# Compare taxes Cobb-Douglass and more

Let a utility function for a consumer be defined as $$u(x_{1},x_{2})=x_{1}^{1/2} x_{2}^{1/2}$$. With the budget $$x_{1}p_{1}+x_{2}p_{2}=m$$. With values $$p_1=p_2=1, m=32$$. The state now adds a tax of unit 3 on $$p_{1}$$ (pr. Unit $$x_1$$)

How does it effect utility? What does the state earn?

• I got the utility before to be 16 and after to be 8 with taxes correlating to 12 pr unit $$x_1$$

The state now considers an income tax such that the income is now $$m-T$$ How much will the state earn with the new system whilst keeping the consumer indifferent? Which system is better?

• I figured that i solve for the Tax in the utility function under optimal demand conditions so that i kepy utility equal to 8. This gave me 16 units of income tax.

How does one do the last part mathematically.
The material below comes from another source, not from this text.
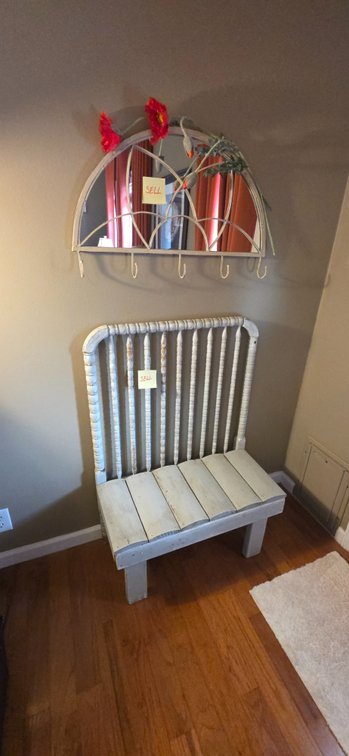 15" x 30" x 43" Custom Bench & Mirrored Coat Rack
I figure the income tax is better for the consumer but how can i show it mathematically?

The intuition you have is correct. Mathematically you can show it by first deriving the optimal choices with the lump sum income tax. So you will set up the following lagrangian:

$$\mathcal{L} = x^{1/2}_1 x^{1/2}_2 - \lambda [x_1p_1+x_2p_2 - m + T]$$

This gives you 3 FOC's the budget constraint and:

$$0.5x_1^{-0.5} x_2^{0.5} = \lambda p_1 \\ 0.5x_2^{-0.5} x_2^{0.5} = \lambda p_2$$

Solve for optimal $$x_1^*$$ and $$x_2^*$$:

$$x_1^* = \frac{m-T}{2p_1} = \frac{32-T}{2} \\ x_2^* = \frac{m-T}{2p_2} = \frac{32-T}{2}$$

Where here the second equalities take advantage of the assumptions that $$p_1 = p_2=1$$ and $$m=32$$.

Now you can just plug this into the utility function and assuming you made no mistake equate this to the utility with the consumption tax on $$p_1$$ so you will have:

$$8 = \left( \frac{32-T}{2}\right)^{0.5} \left( \frac{32-T}{2}\right)^{0.5} \\ T =16$$

So under the income tax regime government gets $$T=16> t=12$$ while consumer still has the same utility as under the consumption tax, meaning the income tax is better. The intuition for that is that income tax does not distort the relative prices only has an income effect whereas consumption tax has both income and substitution effects.

• I have done everything up to " The intuition for that is that income tax does not distort the relative prices only has an income effect whereas consumption tax has both income and substitution effects." Can this quantity actually be shown I get the reasons but no idea on how to show it for this example?
– user31331
Nov 23 '20 at 20:30
• @bymathformath what do you mean by quantity? The substitution effect will be there with consumption tax because it disturbs the relative prices. With consumption price of 3 for $x_1$ the price of $x_1$ increases from $1$ to $4$ making the consumer want to substitute away from consuming $x_1$ to consuming $x_2$ in addition to consumer having lower income due to tax (as it changes the budget constraint from $x_1+x_2=32$ to $4x_1+x_2 =32$. Income tax only lowers the income without distorting the prices. You can quantify these effects using hicksian decomposition - but that was not part of the Q
– 1muflon1
Nov 23 '20 at 20:35
• "You can quantify these effects using hicksian decomposition" I was lacking the words to describe it, sorry. But yes - this. That is what I meant*
– user31331
Nov 23 '20 at 20:37
• How would one do that with this Cobb-Douglas?
– user31331
Nov 23 '20 at 20:40
• @bymathformath with hicksian decomposition, you can calculate the substitution effect by looking at what is the change in demand, holding utility constant and then the income effect will be rest. However, note this was not part of the question in the black so you should not just add that to an answer unless requested I was just giving you little bit of an tidbit of intuition how come that we got the result that we got. It is trivial to see that in the case of income tax there will be no substitution effect as that requires changes in prices.